Found by curious magi

Adored by generations:


Remember the children

Save the church

Calm the avenger

Heal the rivers

Restore the fish

Reconcile religions

Restrain demons

Depose idols

Deploy angels


Whatever it takes.

CHRISTMAS, 2011

May mirth and merriment prevail in your households and in your hearts.

Jonathan+, Nancy and

Jason, Jayden, & Teagan (Troy) Caitlin & Michael (New York City) James (Troy) David (Detroit) Zack (Flint, MI, soon to be Bedford, IN) Katie (East Lansing, MI)

Monday, December 19, 2011

Hunting and Hunted


Advent: Hunting and Hunted

Why is it that I seem to flourish during Advent?

“It’s because he gets to go deer hunting,” you are thinking, and that is partly true.

Yet there is more to Advent, even for someone who cherishes the rituals of deer camp only a

little less than those of the church year. As the weather grows more harsh, something in the heart

of the world seems to soften. As the leaves wither and dry, something in the trees comes alive, as

if listening. As the first snows soften the landscape, something warms the spirit, just as a

woodstove warms a frigid room.

“There he goes, back to deer camp again,” you may be thinking. But it was in Advent, 1958,

that I first attended a silent Retreat, and first allowed myself to become submerged in the flow of

divine reality around me. It snowed heavily during those three days, wrapping the Retreat

Center in a shroud of silence. For the first time, I found myself spending long periods of time

sitting quietly in church with no service in progress, no organized activity at all, only the tangible

sense of a silent and living presence.

If you think that was odd behavior for a sixteen-year old, remember that I was used to sitting

for hours in the woods listening for the sound of a deer’s approach. Listening for God isn’t that

much different, except that you don’t wear blaze orange and you don’t have the intention of

shooting God if given the opportunity.

But in Advent we are “hunting” for God, and, amazingly, God comes “hunting” for us. So the

hunter becomes the hunted, stalked by a ghostly presence. Yet this powerful being is the most

gentle of predators, the kindest of adversaries. To be swallowed by God is the happiest of fates.

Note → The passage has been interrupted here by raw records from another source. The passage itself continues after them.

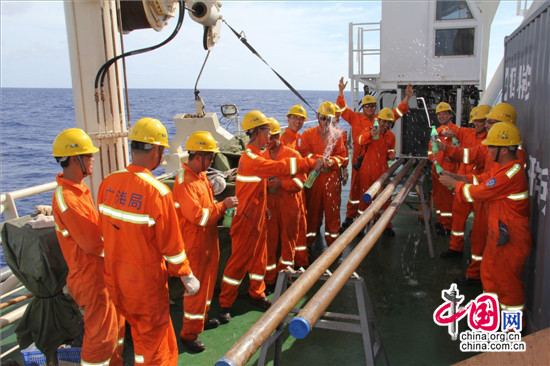 “海洋六号”取样长度13.7米再创历史新高 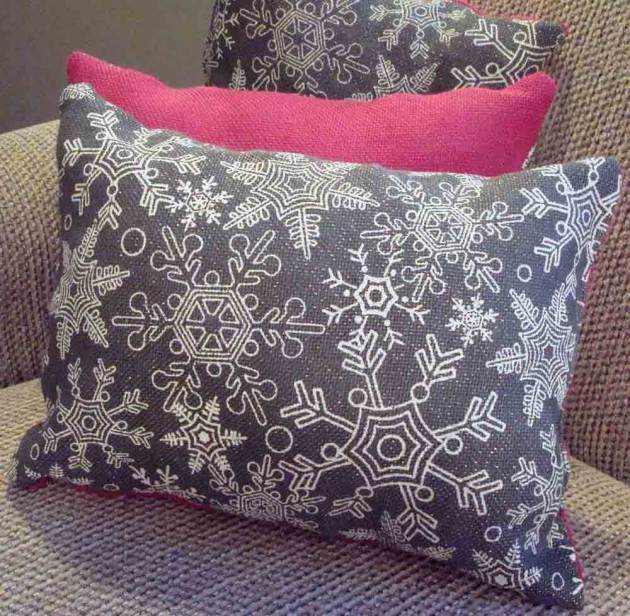 Deco-Christmas-original-cushions-flake snow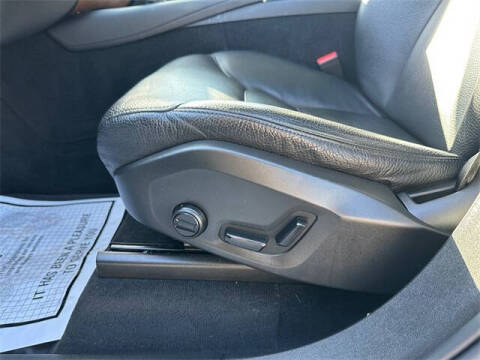 2021 Volvo XC90 T6 Momentum 7-Passenger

To be ambushed by God is to cast out all fear. To be preyed upon by God is the epitome of

prayer. To die with God is to be reborn with Christ at Bethlehem, in Michigan, or in Paradise.


These may not be your Advent thoughts, nor were they mine in the winter of 1958. But every

Advent has its own surprises, its own brand of silence. All we have to do is listen.

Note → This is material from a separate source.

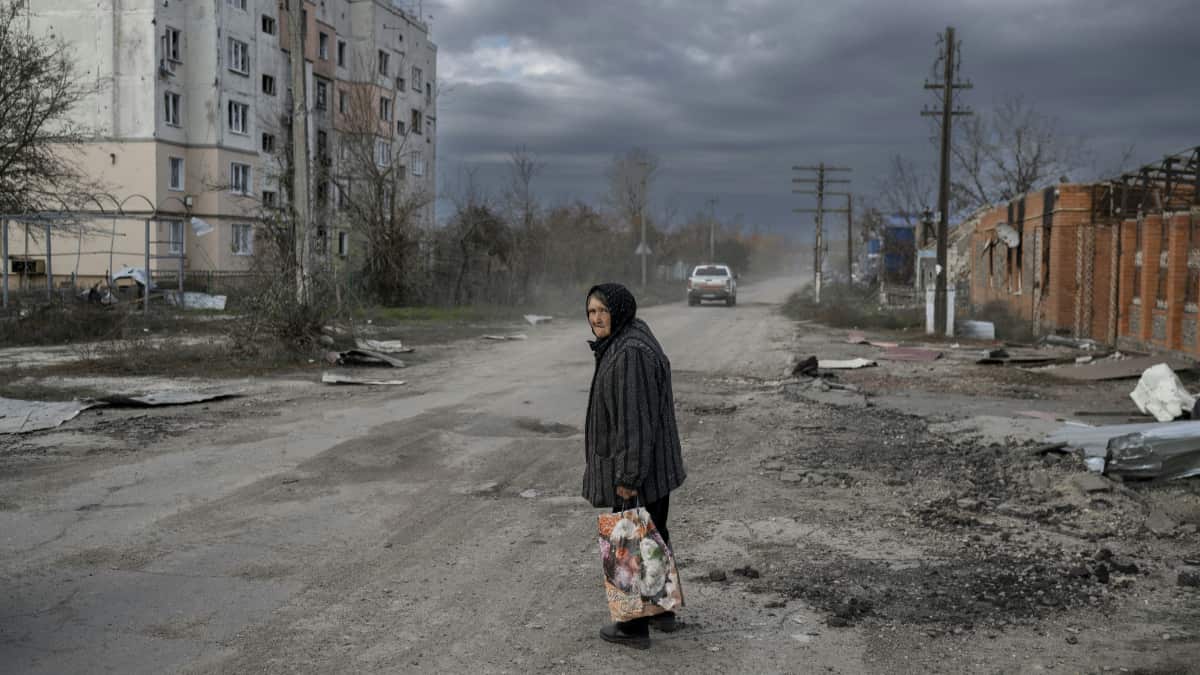 Una mujer en la región de Jersón.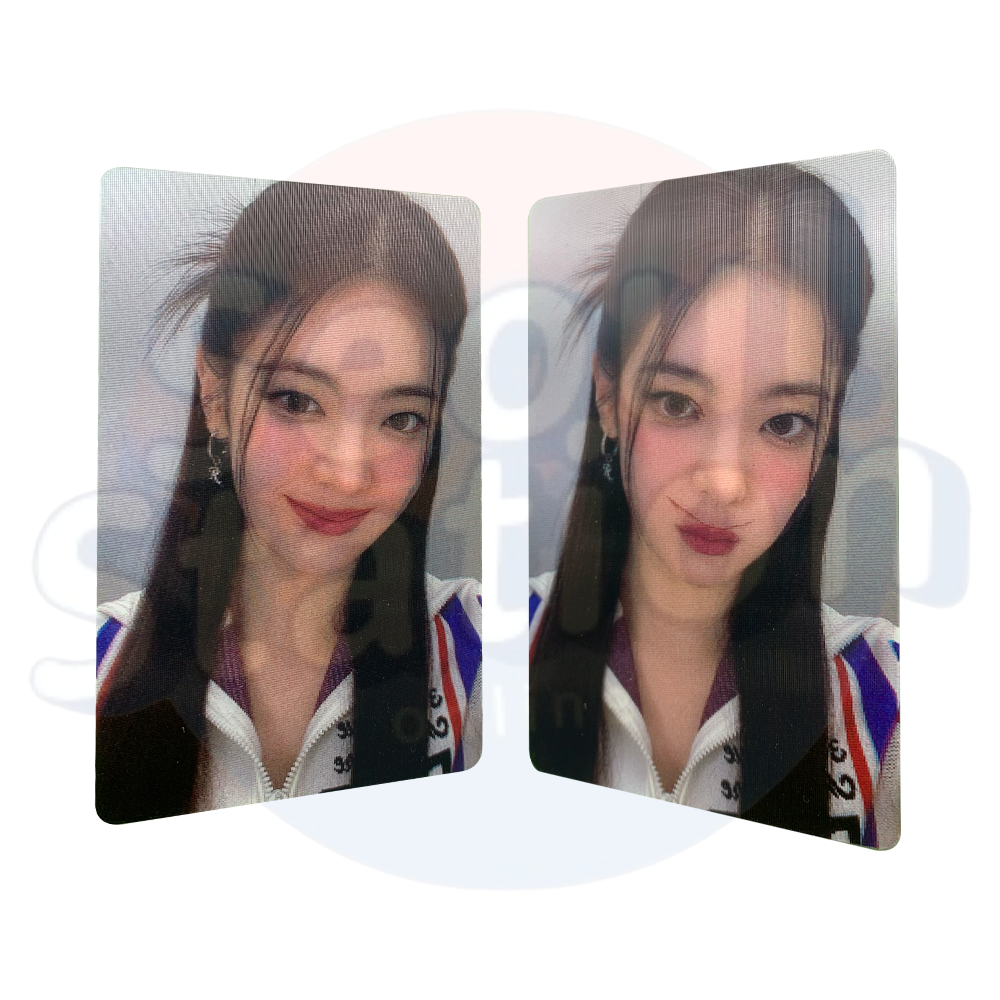 ITZY - CHESHIRE - Limited Edition Lenticular Photo Card lia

Wednesday, December 7, 2011

Random Reflections: The "Great O Antiphons"


Random Reflections: The “Great O Antiphons”at Christ Church Cranbrook, 2nd Sunday of Advent, 20-11

Latin phrases often evoke strange, and sometimes bizarre, associations for me. Last Sunday at Christ Church Cranbrook, as I listened to the choir chant the traditional Advent “O Antiphons”, these are some of the random thoughts that occurred to me, and I wrote down…

O sapientia. O wisdom. O intelligibility. O logic. O sanity. O mathematical equations. O sentence structure and syntax. O coherence and structure and form. If objects are indeed intelligible, “does not the intelligibility of the object presuppose an intelligent ground?” (Bernard Lonergen)“O O O O that Shakespearian Rag— It’s so elegant So intelligent…” (T.S. Eliot) O sapientia, “quae ex ore altissimi prodisti, and covered the earth like a mist.’ (Ecclesiasticus 24:2) O O O O.

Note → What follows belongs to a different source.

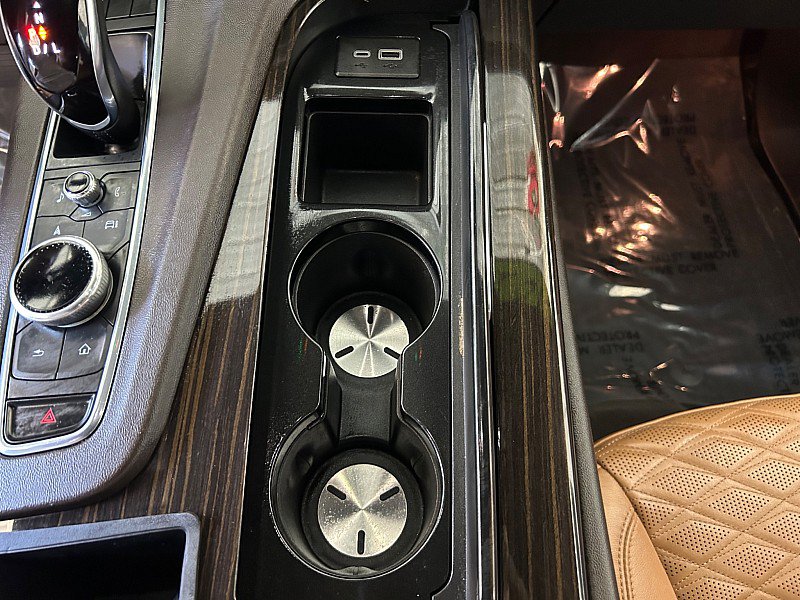 Used 2021 Cadillac Escalade Sport w/ Driver Assist Tech Package AWD/4WD image 25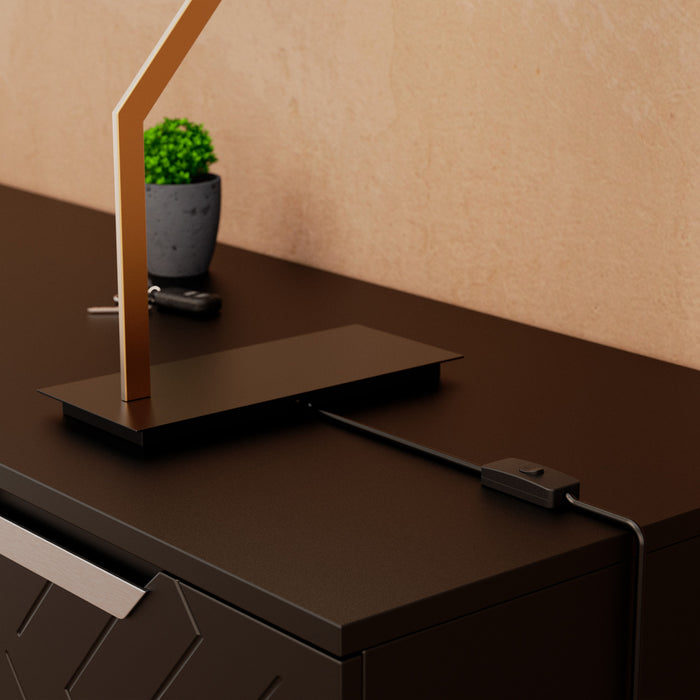 Lampe de table inclinée laiton doré de 25 po avec abat-jour texturé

O Adonai. O mighty. O fire of the Burning Bush. O consumption unconsumed. O point dimensionless, at which Being emerges, unexplained, from Nothing, at this moment coaxing atoms into material existence from the vortex of whatever whirls at their center, at this moment spinning us off from the limitless center, spinning us off as atomic dervishes, whirling mightily, whirling on the seamless line where Nothing ends…

O radix Jesse. O root. O radish. O turnip. O beet. O rutabaga, O root vegetables of every kind, buried safely under earth and snow, beyond the need for retaliation or revenge, beyond the need to hurt or destroy in all the holy mountain, feeding us far into the winter, feeding us when all other food has failed, feeding us jam noli tardare – never tardy, rarely served in fashionable restaurants, barely noticed by government inspectors, ever abundant, ever prodigal, ever rooted/radix/radical/ and real…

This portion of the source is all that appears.